学芸員に必要な同定能力
土壌動物 (第55回)



  
   
   土壌動物の採集に使うツルグレン装置
   
 私が研究材料に選んだワラジムシの仲間には多くの種類がある。本来は海にすみ。海岸から深海まで幅広い分布域を持っている。普段は海底に住んでいるのに夜になると水面を泳ぎまわり、プランクトンネットなどにも入る。また、川や池などの真水にもいるし、陸にも上がっている。さらに魚や他の甲殻類に寄生する寄生虫もある。昆虫やクモのいない場所でもダンゴムシやワラジムシがいる。これらは土の中の落ち葉などを食べ,分解してくれる土壌動物の重要な一員である。

 土壌動物は特に森の分解者としてまた、環境の指標として重要なものと考えられはじめ,陸上系では不可欠な調査項目であるが,日本の土壌動物の研究は遅れ,また、生物の種名も判明していないものが多い。富山県でも,呉羽丘陵と有峰地区,富山市古洞池周辺の調査があるにすぎない。

 調査の方法は見つけどり及びツルグレン装置による採集がある。見つけどりでは、落ち葉層と腐植層の土についてピンセットと吸虫管で採集する。ツルグレン装置とは落ち葉や土を円錐形の物に入れ、「上部にある百ワットの白熱球で三〜四日照らすと土や落ち葉の乾燥から動物が下へ逃げる。それをエタノール入りの瓶で受ける。概ね体長二ミリ以上のいわゆる大型土壌動物に属するコウガイビル,巻貝,ミミズ,そして昆虫、クモ、カニムシ、ムカデ、ヤスデなどである。体長0.2〜2mm以上のいわゆる中型土壌動物に属するダニやトビムシと呼ばれる微小昆虫である。いずれも美しいものやかわいらしいものが多い-と思う。

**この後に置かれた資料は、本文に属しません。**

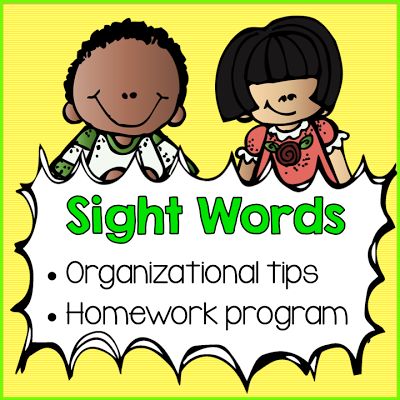 Working with parents as partners is the key to your students learning sight words.  The sight word homework system in this post is the best way I have found to do this.  It also works great for RTI!!!  $ Sight Word Homework, Kindergarten Homework, The Sight Word, Teaching Elementary School, Learning Sight Words, Kindergarten Language Arts, Literacy Lessons, Sight Words Kindergarten, Primary Teachers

 続いて名前調べすなわち、同定の作業に入る。ところがわが国ではこの類の研究は始まったばかりである。外部の専門家への同定の依頼が必要で、あらかじめ類型的に分類し,その一部またはほとんど全部を同定してもらってまとめる。ところが、これが大変な難物でお願いした研究者の膨大な仕事量を強いることとなる。 見ず知らずの人からの依頼は断られる。図鑑や図譜が出版され始めてはいるが、ごく一部である。まして、個体による変異も大きい。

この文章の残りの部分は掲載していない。